### MATERIAL PROVIDED

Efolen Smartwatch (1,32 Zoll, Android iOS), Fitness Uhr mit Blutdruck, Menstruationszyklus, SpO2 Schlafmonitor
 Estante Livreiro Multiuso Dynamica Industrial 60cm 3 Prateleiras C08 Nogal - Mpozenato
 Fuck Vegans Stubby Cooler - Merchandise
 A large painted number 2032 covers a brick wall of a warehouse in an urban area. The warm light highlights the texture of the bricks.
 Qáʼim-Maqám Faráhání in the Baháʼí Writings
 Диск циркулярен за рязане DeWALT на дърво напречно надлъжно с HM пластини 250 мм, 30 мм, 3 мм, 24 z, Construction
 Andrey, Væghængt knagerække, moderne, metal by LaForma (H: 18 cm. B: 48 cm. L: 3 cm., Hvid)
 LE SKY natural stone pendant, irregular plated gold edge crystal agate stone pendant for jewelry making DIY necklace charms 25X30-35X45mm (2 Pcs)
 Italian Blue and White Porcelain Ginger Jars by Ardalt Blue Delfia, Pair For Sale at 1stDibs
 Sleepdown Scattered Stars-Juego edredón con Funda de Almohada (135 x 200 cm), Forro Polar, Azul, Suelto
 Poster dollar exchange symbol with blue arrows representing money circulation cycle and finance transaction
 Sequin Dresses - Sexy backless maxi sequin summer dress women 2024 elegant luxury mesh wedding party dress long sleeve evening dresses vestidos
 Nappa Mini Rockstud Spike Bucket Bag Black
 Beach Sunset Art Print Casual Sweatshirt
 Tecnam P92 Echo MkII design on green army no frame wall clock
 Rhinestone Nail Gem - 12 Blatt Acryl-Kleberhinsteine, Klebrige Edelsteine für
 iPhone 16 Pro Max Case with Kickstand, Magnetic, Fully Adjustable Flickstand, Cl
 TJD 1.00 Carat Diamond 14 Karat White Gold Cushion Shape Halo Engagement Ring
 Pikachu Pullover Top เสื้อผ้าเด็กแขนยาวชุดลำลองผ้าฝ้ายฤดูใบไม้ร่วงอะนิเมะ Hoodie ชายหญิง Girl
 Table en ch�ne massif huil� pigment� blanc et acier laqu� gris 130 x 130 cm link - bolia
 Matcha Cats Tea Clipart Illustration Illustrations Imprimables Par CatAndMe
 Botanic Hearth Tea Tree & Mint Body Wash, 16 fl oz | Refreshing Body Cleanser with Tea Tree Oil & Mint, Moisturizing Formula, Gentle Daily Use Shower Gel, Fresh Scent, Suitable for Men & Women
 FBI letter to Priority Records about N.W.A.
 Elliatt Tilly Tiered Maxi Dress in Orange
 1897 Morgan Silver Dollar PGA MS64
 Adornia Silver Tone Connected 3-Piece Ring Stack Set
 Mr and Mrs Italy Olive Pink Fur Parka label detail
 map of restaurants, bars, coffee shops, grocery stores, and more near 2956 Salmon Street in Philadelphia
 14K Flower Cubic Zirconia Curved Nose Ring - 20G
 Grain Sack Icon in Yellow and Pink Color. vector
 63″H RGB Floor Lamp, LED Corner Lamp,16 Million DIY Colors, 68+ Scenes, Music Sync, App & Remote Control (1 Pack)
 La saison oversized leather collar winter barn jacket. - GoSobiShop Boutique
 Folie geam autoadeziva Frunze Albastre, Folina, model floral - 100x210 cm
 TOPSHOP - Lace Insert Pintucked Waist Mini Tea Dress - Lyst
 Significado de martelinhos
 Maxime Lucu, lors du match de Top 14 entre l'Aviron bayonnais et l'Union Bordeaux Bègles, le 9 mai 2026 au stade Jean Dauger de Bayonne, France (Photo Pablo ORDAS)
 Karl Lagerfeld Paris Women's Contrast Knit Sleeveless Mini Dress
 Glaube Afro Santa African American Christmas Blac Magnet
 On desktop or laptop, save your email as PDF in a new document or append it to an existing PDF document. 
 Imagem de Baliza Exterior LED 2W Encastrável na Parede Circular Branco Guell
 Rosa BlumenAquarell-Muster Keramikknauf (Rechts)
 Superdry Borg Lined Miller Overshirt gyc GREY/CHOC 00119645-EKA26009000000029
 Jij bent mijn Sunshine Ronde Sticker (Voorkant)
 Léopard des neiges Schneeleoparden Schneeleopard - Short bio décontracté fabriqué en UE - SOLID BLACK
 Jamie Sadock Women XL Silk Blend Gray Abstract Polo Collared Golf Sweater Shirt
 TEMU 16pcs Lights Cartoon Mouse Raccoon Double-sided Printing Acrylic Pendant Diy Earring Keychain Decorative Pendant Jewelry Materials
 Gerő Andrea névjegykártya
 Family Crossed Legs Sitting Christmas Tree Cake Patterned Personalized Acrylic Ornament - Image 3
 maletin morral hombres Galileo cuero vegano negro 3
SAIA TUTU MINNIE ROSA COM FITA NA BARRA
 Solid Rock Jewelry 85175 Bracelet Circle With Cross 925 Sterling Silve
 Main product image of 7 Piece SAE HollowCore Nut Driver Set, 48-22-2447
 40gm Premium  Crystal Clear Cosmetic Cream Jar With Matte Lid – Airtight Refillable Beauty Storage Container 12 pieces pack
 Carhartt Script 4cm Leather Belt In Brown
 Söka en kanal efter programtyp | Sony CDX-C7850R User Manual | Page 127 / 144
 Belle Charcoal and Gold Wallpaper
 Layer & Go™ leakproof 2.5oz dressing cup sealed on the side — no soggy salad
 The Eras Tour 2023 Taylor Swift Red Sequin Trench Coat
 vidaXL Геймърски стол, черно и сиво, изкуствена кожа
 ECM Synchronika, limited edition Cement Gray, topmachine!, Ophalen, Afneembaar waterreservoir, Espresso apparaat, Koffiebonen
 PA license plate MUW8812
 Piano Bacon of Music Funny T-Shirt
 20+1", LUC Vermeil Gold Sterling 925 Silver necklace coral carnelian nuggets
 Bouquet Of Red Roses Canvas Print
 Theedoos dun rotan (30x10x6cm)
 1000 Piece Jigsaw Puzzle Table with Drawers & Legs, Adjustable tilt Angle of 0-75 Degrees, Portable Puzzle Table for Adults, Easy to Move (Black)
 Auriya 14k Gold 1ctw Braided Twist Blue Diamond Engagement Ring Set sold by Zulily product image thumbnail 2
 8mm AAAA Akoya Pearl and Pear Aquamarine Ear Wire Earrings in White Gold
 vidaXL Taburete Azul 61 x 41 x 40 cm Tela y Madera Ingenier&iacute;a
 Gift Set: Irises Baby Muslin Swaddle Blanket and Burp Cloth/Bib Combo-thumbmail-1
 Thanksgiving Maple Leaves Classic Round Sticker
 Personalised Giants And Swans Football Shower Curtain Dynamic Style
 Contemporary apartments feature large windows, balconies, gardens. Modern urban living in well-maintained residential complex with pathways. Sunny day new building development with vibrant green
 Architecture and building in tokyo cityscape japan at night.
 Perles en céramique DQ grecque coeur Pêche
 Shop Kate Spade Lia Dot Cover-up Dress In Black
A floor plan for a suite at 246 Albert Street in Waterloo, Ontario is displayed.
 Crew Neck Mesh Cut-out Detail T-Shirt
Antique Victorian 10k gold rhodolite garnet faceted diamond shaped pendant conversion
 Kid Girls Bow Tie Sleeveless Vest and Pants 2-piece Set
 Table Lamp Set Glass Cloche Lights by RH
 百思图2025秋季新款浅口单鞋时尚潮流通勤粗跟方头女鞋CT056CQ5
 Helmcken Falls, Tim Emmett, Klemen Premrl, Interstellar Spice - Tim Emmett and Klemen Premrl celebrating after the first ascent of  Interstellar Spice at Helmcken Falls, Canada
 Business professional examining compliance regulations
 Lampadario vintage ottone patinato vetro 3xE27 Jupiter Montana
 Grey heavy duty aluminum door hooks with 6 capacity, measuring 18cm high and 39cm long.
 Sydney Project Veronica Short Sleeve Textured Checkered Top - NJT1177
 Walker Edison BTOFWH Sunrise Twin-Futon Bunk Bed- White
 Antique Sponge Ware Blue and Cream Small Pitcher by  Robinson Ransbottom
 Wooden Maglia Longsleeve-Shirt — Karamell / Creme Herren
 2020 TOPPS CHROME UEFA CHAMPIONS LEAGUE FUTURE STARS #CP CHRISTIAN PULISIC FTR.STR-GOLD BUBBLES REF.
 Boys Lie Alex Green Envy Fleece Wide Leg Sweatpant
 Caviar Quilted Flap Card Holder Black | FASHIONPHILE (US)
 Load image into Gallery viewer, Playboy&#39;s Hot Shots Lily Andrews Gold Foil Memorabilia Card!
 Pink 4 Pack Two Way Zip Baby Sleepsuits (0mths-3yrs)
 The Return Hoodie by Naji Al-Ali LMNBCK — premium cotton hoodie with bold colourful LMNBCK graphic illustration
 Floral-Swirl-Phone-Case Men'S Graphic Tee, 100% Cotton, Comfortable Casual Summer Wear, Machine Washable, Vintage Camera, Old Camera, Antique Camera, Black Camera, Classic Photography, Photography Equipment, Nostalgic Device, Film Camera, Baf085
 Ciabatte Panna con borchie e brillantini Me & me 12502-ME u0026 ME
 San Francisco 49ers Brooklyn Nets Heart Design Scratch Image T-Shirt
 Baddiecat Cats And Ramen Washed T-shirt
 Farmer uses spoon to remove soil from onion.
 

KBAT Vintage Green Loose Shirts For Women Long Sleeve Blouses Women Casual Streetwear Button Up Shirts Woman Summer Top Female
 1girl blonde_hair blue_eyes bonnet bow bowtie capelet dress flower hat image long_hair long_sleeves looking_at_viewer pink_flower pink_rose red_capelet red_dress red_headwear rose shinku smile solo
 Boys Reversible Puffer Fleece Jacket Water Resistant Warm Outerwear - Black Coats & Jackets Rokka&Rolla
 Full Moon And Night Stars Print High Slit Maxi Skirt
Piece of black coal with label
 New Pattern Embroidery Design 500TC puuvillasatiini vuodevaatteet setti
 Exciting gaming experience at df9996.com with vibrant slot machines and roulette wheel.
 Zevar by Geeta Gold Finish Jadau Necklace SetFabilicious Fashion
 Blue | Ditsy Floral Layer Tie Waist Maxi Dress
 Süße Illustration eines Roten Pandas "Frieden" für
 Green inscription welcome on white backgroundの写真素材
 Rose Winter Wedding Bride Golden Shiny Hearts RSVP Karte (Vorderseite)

######

• [TASK DIRECTIONS] There is a line with "Superdry Borg Lined" and a line with "Gerő Andrea névjegykártya" above. Copy exactly those two lines and all lines between them, with nothing else.

• [TASK SOLUTION]
 Superdry Borg Lined Miller Overshirt gyc GREY/CHOC 00119645-EKA26009000000029
 Jij bent mijn Sunshine Ronde Sticker (Voorkant)
 Léopard des neiges Schneeleoparden Schneeleopard - Short bio décontracté fabriqué en UE - SOLID BLACK
 Jamie Sadock Women XL Silk Blend Gray Abstract Polo Collared Golf Sweater Shirt
 TEMU 16pcs Lights Cartoon Mouse Raccoon Double-sided Printing Acrylic Pendant Diy Earring Keychain Decorative Pendant Jewelry Materials
 Gerő Andrea névjegykártya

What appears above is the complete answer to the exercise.